The second constructs a future from a function by running it asynchronously in a separate thread:

val delay : ('a -> 'b) -> ('a -> 'b future)

(I use extra parentheses to emphasize the *functorial* aspects of computation). It is important that futures be composable, in the sense that there must exist an operation that combines a list of futures into a single future:

val select : 'a future list -> 'a t

with the strong condition that the returned future is *the first* in the list to complete, so that it can be redeemed without waiting. This operation is sufficiently powerful to construct an *efficient* polling operation on a future (that is, testing in constant time whether a future is immediately redeemable or not) as a derived operation. Of course, a very inefficient selection operation can also be built based on polling, so that the two primitives are semantically inter-definable.

Given than futures form a monad, they come equipped with the usual operations:

val unit : 'a -> 'a future val bind : ('a -> 'b future) -> ('a future -> 'b future) val fmap : ('a -> 'b) -> ('a future -> 'b future)

(If the type of `bind`

seems puzzling, it's that I prefer working with Kleisli triples. Again, I've parenthesized the declarations in order to highlight the categorial aspects of the operations on futures). The key point is that these operations must "run in the future" and not block the calling thread. Then, `poll`

can be written as:

let poll f = redeem (select [ fmap (fun _ -> true) f; unit false ])

The first element is a future that replaces the result of running `f`

with `true`

. The second future *immediately* returns `false`

. If the first is already completed, `select`

would return its `true`

value. Since futures are immutable, `f`

is still available for redeeming. If, on the other hand, the first is *not* yet completed, `select`

would return the second future, by the strong guarantee of deterministic (left-to-right) parallelism, and would return `false`

on the spot.

So, let's build a minimal interface for a future. First let's start with a monad:

module type MONAD = sig type 'a t val unit : 'a -> 'a t val bind : ('a -> 'b t) -> ('a t -> 'b t) val fmap : ('a -> 'b) -> ('a t -> 'b t) end

Of course `fmap`

is derivable in a monad because every monad is a (categorial) functor, but it is simple to include it in the implementation, and it's often more efficient to use a specialized version of it. Now, the futures themselves:

module type FUTURE = sig include MONAD val redeem : 'a t -> 'a val delay : ('a -> 'b) -> ('a -> 'b t) val select : 'a t list -> 'a t end

To derive `poll`

I can use a functor:

module Future (F : FUTURE) = struct include F let poll f = redeem (select [ fmap (fun _ -> true) f; unit false ]) end

With this specification, the minimal semantics for futures is to perform completely synchronous computations; a valid, although not very interesting starting point.

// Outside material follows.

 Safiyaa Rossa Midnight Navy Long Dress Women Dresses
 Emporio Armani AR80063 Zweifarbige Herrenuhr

module NullFuture = Future(struct type 'a t = 'a let unit x = x let bind f x = f x let fmap f x = f x let redeem x = x let delay f x = f x let select = function [] -> failwith "select" | x :: _ -> x end)

For a truly multi-threaded experience, I must call in the services of the `Thread`

module. The problem with OCaml's threads is twofold. First, threads don't return a value, but just run a function unattended until completion, discarding the result. This is remedied easily enough by providing the thread with a reference in which to deliver its result. The other, more serious problem is that there's no built-in way to wait on more than one thread.

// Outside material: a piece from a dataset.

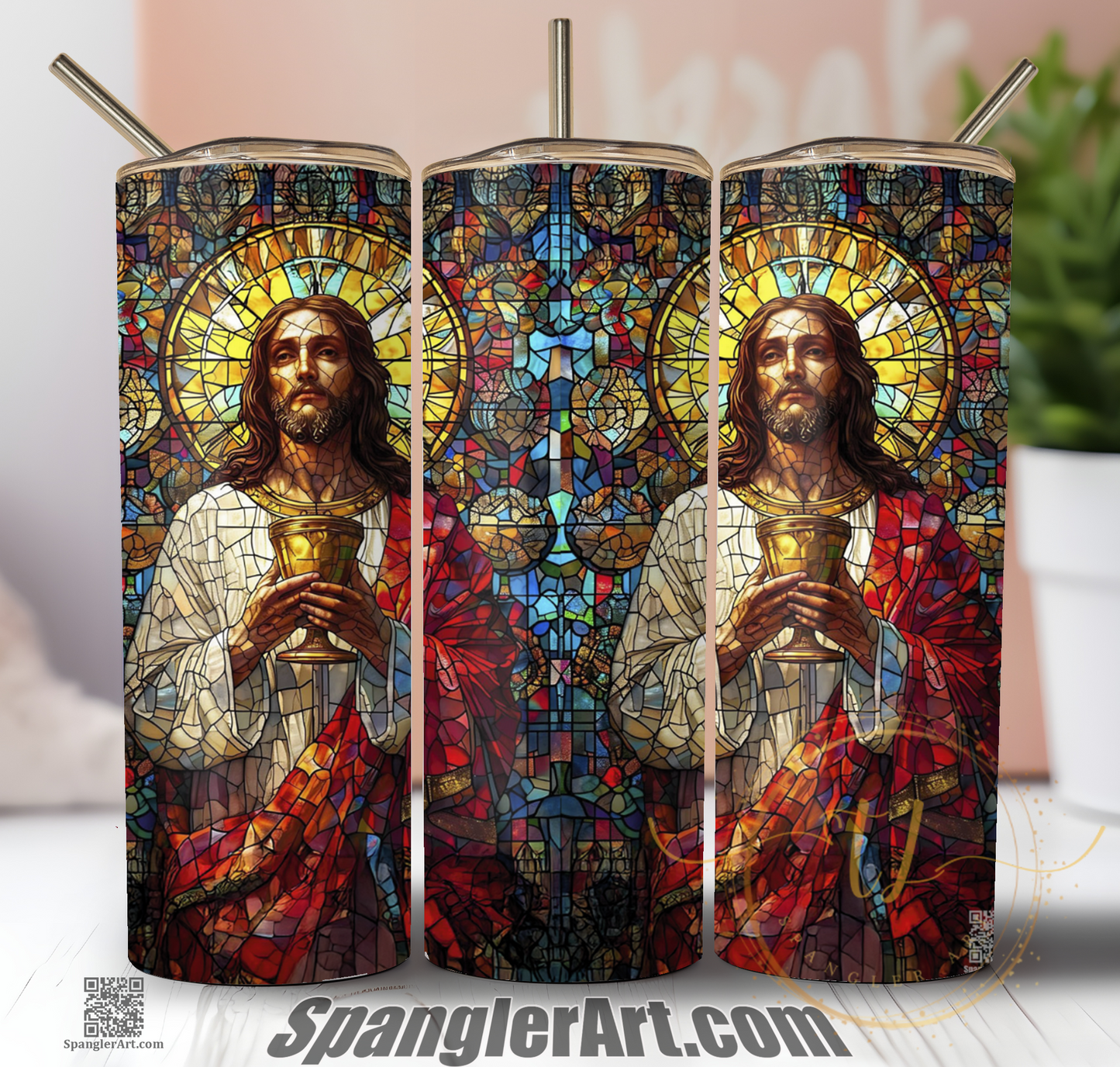 Jesus Christ in Stained Glass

Both drawbacks can be overcome by associating the references with a condition variable and waiting for the first thread that signals it, in effect creating a synchronizing slot. I follow mostly Bartosz Milewsky's description of `MVar`

s, but I depart of his implementation in that slots are more restricted. First, the interface is simple enough:

module Slot : sig type 'a t val create : unit -> 'a t val put : 'a -> 'a t -> unit val get : 'a t -> 'a end = struct

The idea is that `get`

waits for a value to be present, but `put`

has an effect *only if the slot is empty*. To wait on a value, I use a `Condition.t`

that must always be paired with a `Mutex.t`

:

type 'a t = { m : Mutex.t; c : Condition.t; mutable ref : 'a option }

Creating a slot is simple enough:

let create () = { m = Mutex.create (); c = Condition.create (); ref = None }

In order to ensure that all accesses to a slot are synchronous, and that the lock is properly released even in the event of failure, I use a wrapper:

let locked f s = Mutex.lock s.m; try let x = f s in Mutex.unlock s.m; x with e -> Mutex.unlock s.m; raise e

Putting a value in the slot succeeds only if the slot is empty; otherwise, it has no effect:

let put x = locked (fun s -> if s.ref = None then begin s.ref <- Some x; Condition.signal s.c end)

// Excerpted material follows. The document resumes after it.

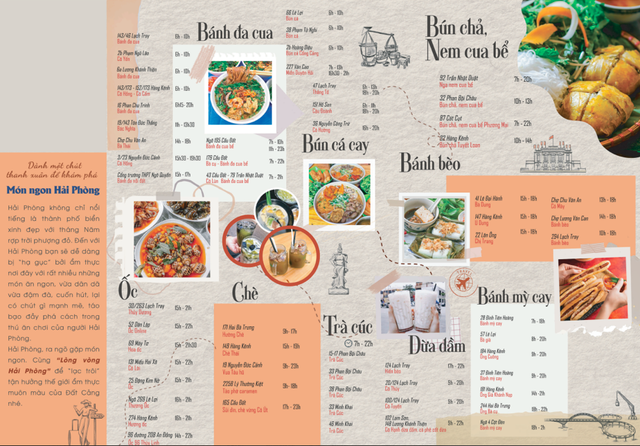 thành phố Hải Phòng đã thành công với sản phẩm du lịch foodtour, nhờ vào việc xây dựng bản đồ số về ẩm thực để du khách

Getting from an empty slot blocks until another thread puts a value into it; there is no wait involved when it is full:

let get s = let rec go s = match s.ref with | None -> Condition.wait s.c s.m; go s | Some x -> x in locked go s end

The net effect is that a slot becomes immutable once set. This is key to ensure that `select`

has fair semantics and to avoid race conditions.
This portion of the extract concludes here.